* _YOUR TASK_
Wherever an image appears in the entries, drop it and reproduce everything else exactly.

* _DATA_
# # # # #

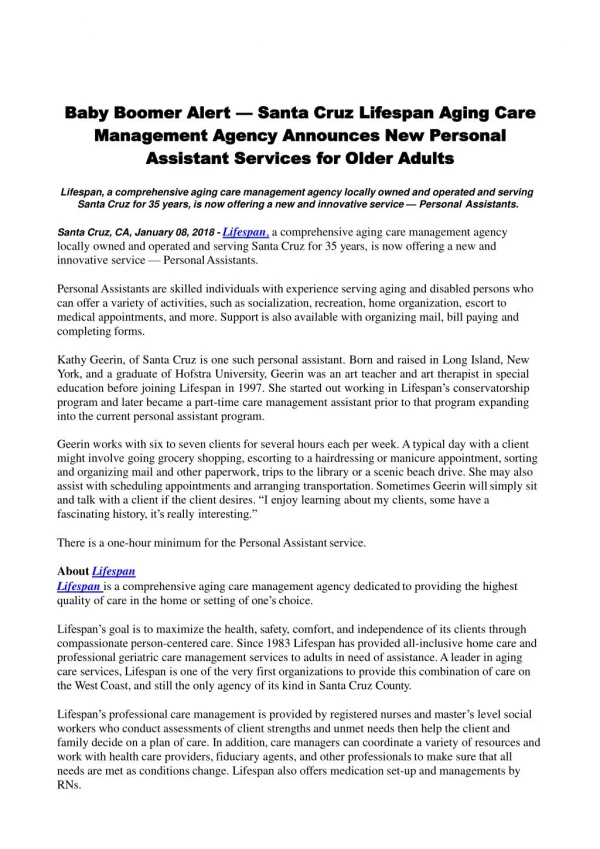 Baby Boomer Alert — Santa Cruz Lifespan Aging Care Management Agency Announces New Personal Assistant Services for Old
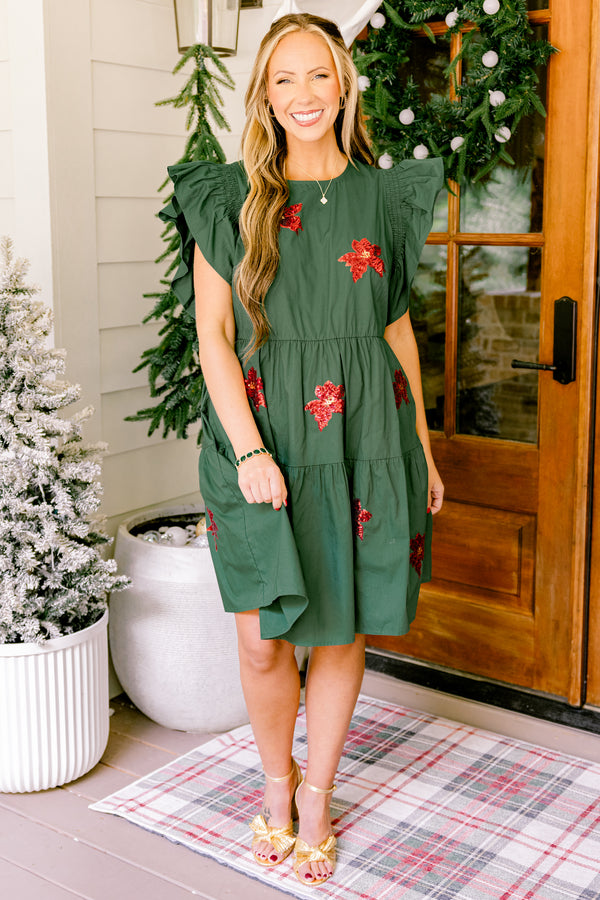 Chic Soul plus size clothing, green short ruffle sleeve short dress with red sequin poinsettia's 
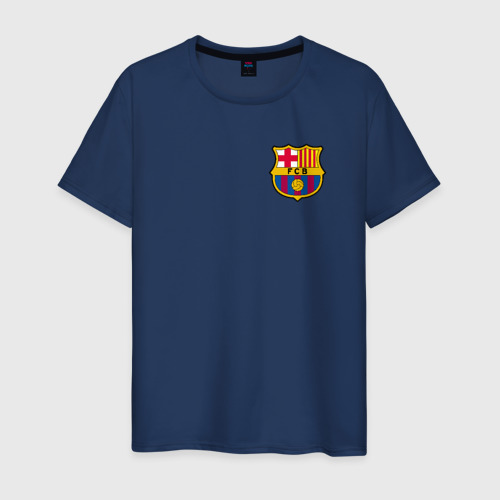 Мужская футболка хлопок с принтом FC Barcelona, вид спереди #2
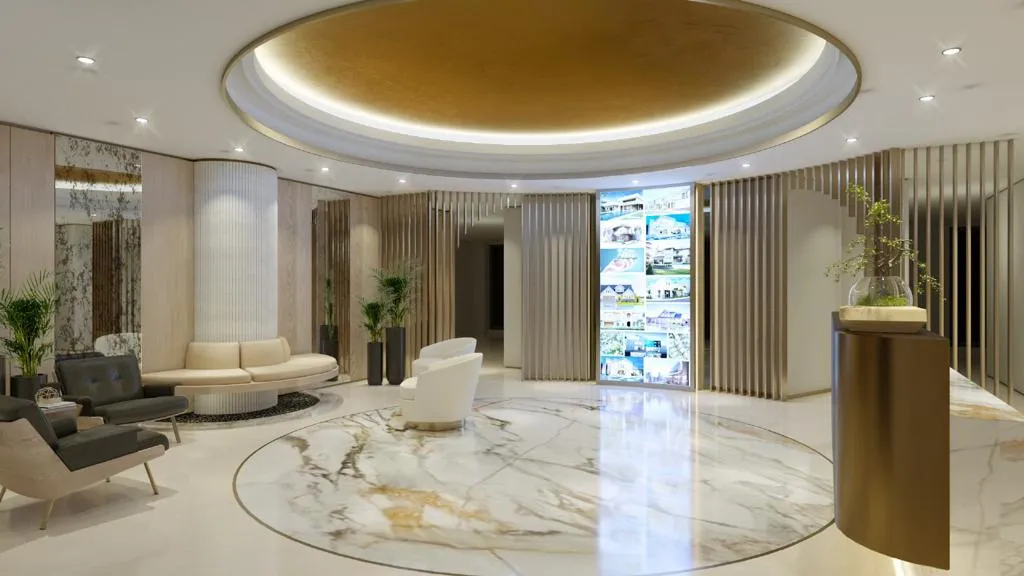 Living room with modern furniture and elegant decor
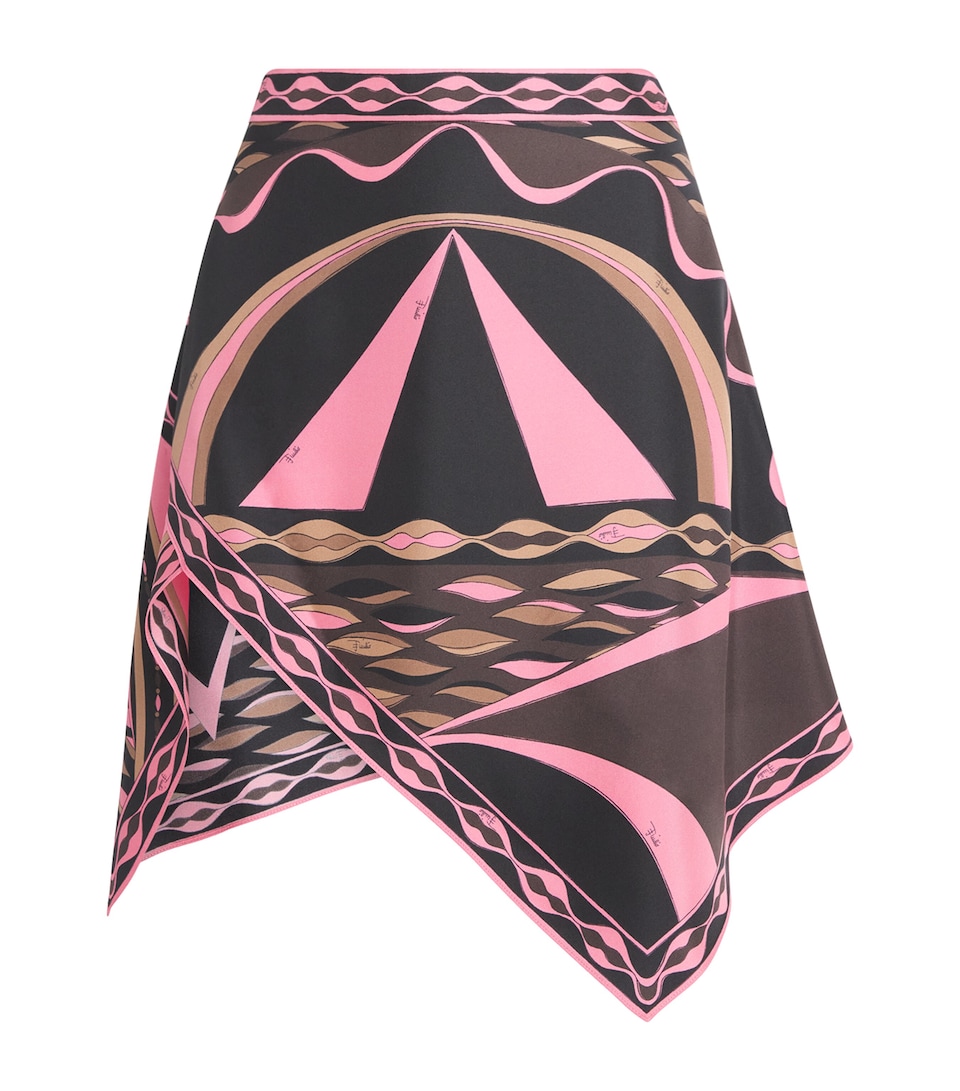 PUCCI Womens Silk Printed Scarf Mini Skirt Brown Coral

# # # # #

* _RESULT OF THIS EXERCISE_
 Baby Boomer Alert — Santa Cruz Lifespan Aging Care Management Agency Announces New Personal Assistant Services for Old
 Chic Soul plus size clothing, green short ruffle sleeve short dress with red sequin poinsettia's 
 Мужская футболка хлопок с принтом FC Barcelona, вид спереди #2
 Living room with modern furniture and elegant decor
 PUCCI Womens Silk Printed Scarf Mini Skirt Brown Coral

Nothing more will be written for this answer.